時代背景もある。この本が書かれたのは1952年、第2次世界大戦から10年も経っていないアメリカ。現代に比べて暴力、汚職、アルコール、タバコ、ギャンブルが行き交っていた、いわゆるタフな時代だった。地でハードボイルドを行ってた。

そして多分、アメリカという土地柄が最もハードボイルドたらしめているのだろう。戦前から世界一の資本力で自由を築いてきた国。何よりも資本が重視され、多くの億万長者が生まれ、金が正義とされる社会に対し、金以外の公正さだったりを重視しようとする反発。多数の国から来た移民たちが英語とアメリカに忠誠を誓う独特の世界。

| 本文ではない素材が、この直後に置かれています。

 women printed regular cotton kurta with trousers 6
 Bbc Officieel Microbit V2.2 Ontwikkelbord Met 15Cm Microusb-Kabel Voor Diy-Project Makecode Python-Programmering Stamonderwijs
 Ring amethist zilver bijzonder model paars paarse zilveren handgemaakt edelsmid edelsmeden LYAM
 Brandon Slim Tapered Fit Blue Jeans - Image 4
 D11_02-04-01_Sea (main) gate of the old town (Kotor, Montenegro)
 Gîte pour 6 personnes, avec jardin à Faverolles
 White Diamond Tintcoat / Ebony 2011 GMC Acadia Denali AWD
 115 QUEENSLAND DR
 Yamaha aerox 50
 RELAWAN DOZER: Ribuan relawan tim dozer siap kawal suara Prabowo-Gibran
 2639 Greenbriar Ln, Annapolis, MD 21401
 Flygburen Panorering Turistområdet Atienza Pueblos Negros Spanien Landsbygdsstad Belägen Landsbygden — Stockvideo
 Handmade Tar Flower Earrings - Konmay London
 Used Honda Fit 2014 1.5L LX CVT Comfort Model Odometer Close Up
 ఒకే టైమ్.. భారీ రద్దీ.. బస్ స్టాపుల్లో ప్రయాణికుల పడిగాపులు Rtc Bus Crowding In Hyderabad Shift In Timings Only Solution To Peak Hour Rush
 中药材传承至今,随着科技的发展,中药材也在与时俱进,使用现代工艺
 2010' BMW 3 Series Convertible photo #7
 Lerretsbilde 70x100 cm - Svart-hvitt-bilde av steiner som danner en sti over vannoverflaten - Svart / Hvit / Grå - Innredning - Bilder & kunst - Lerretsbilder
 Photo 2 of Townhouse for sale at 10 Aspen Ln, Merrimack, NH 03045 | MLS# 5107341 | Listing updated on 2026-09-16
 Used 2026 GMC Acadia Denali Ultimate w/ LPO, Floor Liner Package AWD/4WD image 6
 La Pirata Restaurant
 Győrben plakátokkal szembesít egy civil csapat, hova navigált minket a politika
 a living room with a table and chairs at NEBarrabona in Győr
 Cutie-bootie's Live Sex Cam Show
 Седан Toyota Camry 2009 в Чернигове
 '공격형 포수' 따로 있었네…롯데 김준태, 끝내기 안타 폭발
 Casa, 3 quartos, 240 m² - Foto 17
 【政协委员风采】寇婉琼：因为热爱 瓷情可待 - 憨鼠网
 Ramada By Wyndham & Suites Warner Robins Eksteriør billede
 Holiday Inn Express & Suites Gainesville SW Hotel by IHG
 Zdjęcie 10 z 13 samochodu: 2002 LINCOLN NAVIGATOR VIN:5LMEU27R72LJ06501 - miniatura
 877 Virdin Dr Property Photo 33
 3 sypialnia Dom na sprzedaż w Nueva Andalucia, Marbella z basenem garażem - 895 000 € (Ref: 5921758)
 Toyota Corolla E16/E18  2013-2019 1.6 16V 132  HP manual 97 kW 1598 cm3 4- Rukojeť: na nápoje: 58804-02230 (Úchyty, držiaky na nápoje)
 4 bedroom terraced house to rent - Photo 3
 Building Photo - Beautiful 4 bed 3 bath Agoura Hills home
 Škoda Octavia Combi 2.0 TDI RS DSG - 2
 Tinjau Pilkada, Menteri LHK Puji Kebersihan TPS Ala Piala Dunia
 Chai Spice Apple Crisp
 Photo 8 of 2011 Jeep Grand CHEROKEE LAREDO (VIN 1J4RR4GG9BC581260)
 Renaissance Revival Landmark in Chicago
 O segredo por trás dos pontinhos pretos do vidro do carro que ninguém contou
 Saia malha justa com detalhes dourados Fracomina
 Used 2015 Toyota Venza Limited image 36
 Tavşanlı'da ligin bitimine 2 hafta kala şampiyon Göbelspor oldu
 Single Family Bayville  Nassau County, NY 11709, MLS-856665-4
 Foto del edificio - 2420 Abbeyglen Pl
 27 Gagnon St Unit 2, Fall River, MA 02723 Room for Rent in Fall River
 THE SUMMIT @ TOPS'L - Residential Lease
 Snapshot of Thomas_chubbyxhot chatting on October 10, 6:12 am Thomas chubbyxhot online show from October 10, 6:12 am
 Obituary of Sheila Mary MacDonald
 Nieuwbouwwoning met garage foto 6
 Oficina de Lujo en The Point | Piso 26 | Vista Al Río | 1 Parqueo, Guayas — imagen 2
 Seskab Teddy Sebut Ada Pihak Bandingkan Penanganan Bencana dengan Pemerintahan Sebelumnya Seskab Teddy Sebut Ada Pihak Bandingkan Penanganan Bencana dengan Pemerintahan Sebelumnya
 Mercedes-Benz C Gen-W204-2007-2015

不思議なことに、我々日本人だって英語を話せば自然とアメリカ人的なメンタリティになり、日本語では絶対言えないようなセリフが自然と口から出てくる。英語だとそちらの方が違和感なく自然なのだ。これは言語とその下地にある文化の成せる力で、そこでは決してクサいなんて思わない。

『ロング・グッドバイ』と村上春樹

さて、今回この『ロング・グッドバイ』を読むことにしたのは、この記事を読んだからだった。

村上春樹の系譜と構造 (内田樹の研究室)

この本を翻訳した村上春樹の著書『羊をめぐる冒険』が、『ロング・グッドバイ』を下地に書かれているという話だ。さらに『ロング・グッドバイ』はスコット・フィッツジェラルド著『グレート・ギャツビー』を下地に書かれていると言う。この点については村上春樹も『ロング・グッドバイ』の訳者あとがきにて言及している。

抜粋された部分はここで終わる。